Нормандия позади, но настоящая работа еще только предстоит. Он подумал о немецких солдатах, растаскивающих произведения искусства на машинах Красного Креста. Он не сомневался, что нацисты виновны в ужасных преступлениях, и если он правда желает защитить мировое искусство, ему следует поскорее выбираться из зоны коммуникаций на фронт. Где-то там – доказательства нацистских преступлений, и он обязан их найти. А для этого сначала надо попасть в Париж.

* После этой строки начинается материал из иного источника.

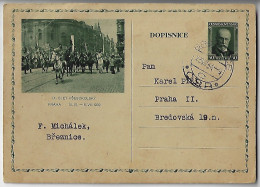 Czechoslovakia 1934 Postal Stationery Card 50 Haleru Březnice To Prague IX All-School Conference In Prague - Cartes Postales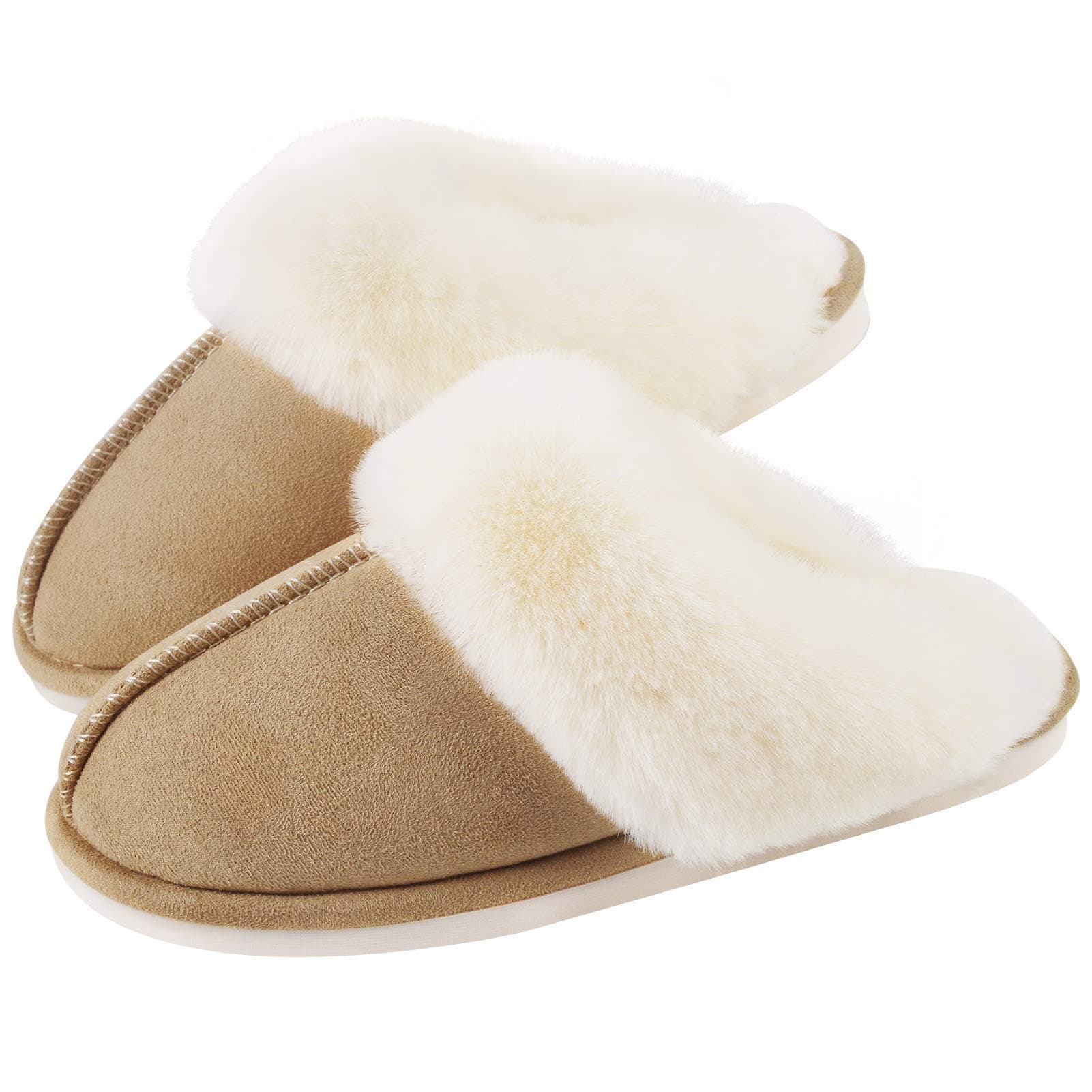 ParlovableWomens Slippers Cozy Faux Fur Slip-on Women House Shoes Memory Foam Suede Fluffy Comfort Plush Winter Warm Breathable Anti-Slip Indoor & Outdoor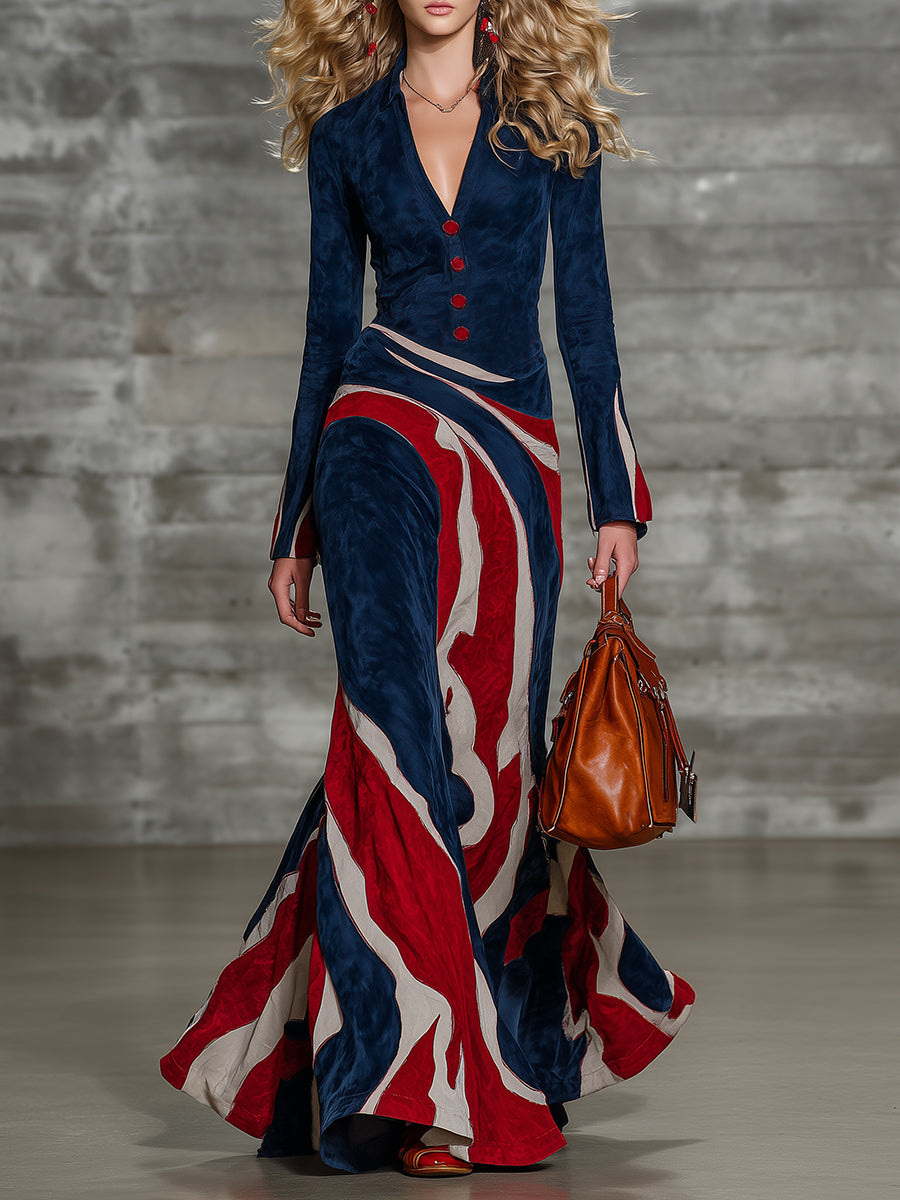 Chic Western-style Printed Blue Faux Suede Maxi Dress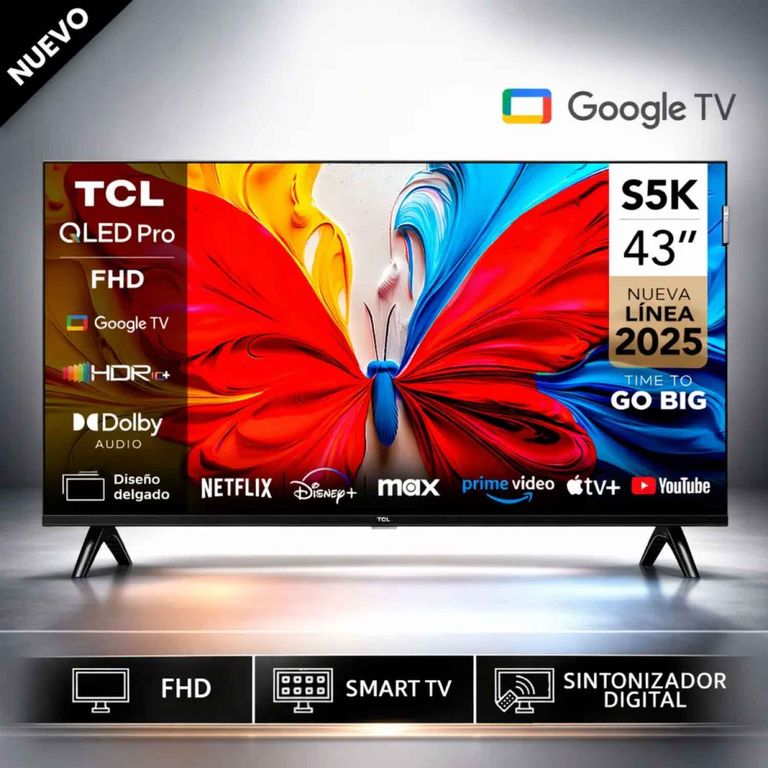 Televisor QLED 43" Full HD Smart TV 43S5K Negro 2025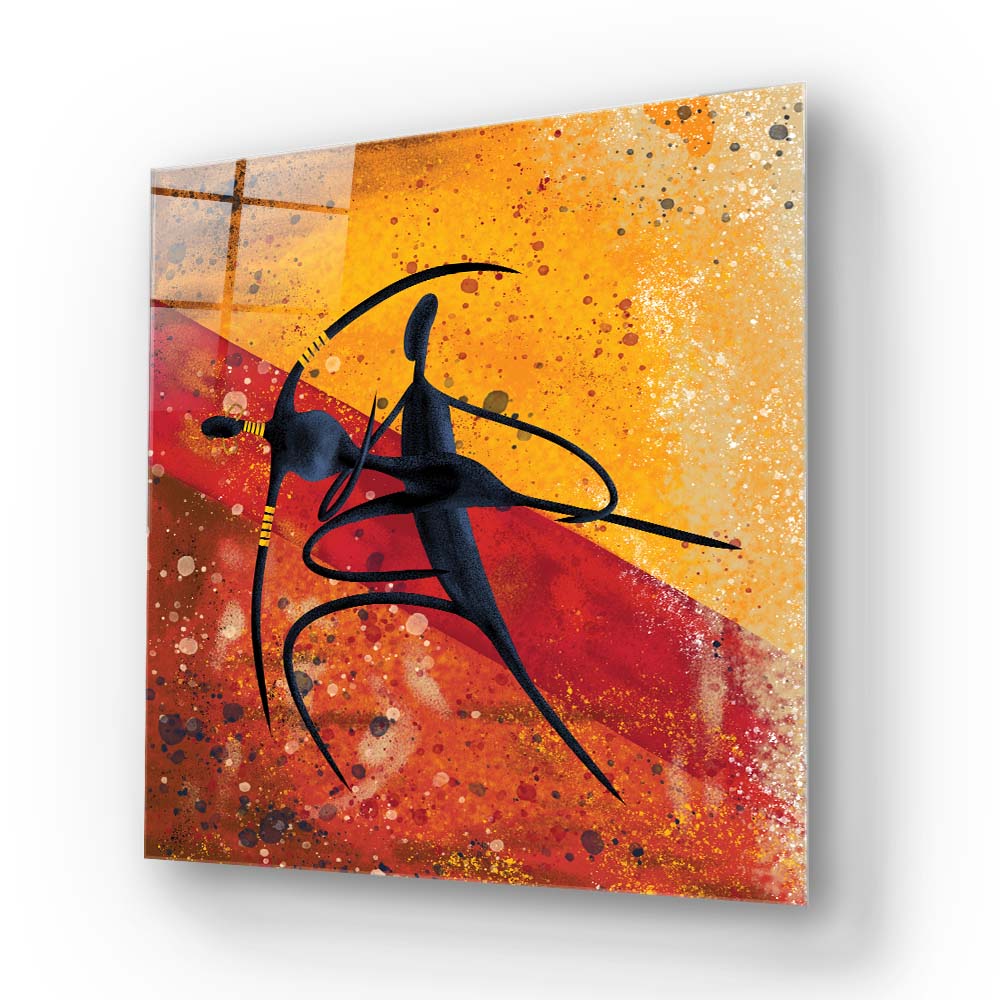 Abstract Dancing African Couple Glass Wall Art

На следующее утро Роримера остановил военный полицейский ВВС и потребовал предъявить документы. Бумаги Роримера только подтвердили его подозрения – увидев их, солдат улыбнулся, кивнул и арестовал хранителя.
– У офицера такого низкого звания не может быть ваших полномочий, – сказал он, – и ни один офицер не станет передвигаться без личного транспорта.
Даже офицеры местного штаба были уверены, что поймали немецкого шпиона. Полицейский ликовал, воображая грядущее повышение и награды. Он лично сопроводил «шпиона» назад в штаб Роримера, где его ждало оглушающее известие: отряд ПИИА действительно существует и в нем действительно значится младший лейтенант Джеймс Роример. Может, хранители памятников и считали свои первые месяцы в Европе успехом, но на самом деле путь им предстоял длинный.
Письмо Джорджа Стаута жене Марджи27 августа 1944Дорогая Марджи!
Мне досталось немного конвертов авиапочты, так что я могу позволить себе слегка поразглагольствовать. Уже неделя прошла с тех пор, как я был в штабе и читал почту. Если повезет, доберусь до нее завтра и получу весточку от тебя, моя дорогая.
Эта неделя была насыщена тяжелой, но радостной работой. Два дня я квартировал в городе, и в городе немаленьком, жил в хорошей комнате, общался с милейшим семейством. Очаровательный дом, полный людей, похожих на многих наших знакомых, – поражаюсь тому, насколько малы на самом деле различия между нациями, ну или хотя бы между цивилизованными нациями.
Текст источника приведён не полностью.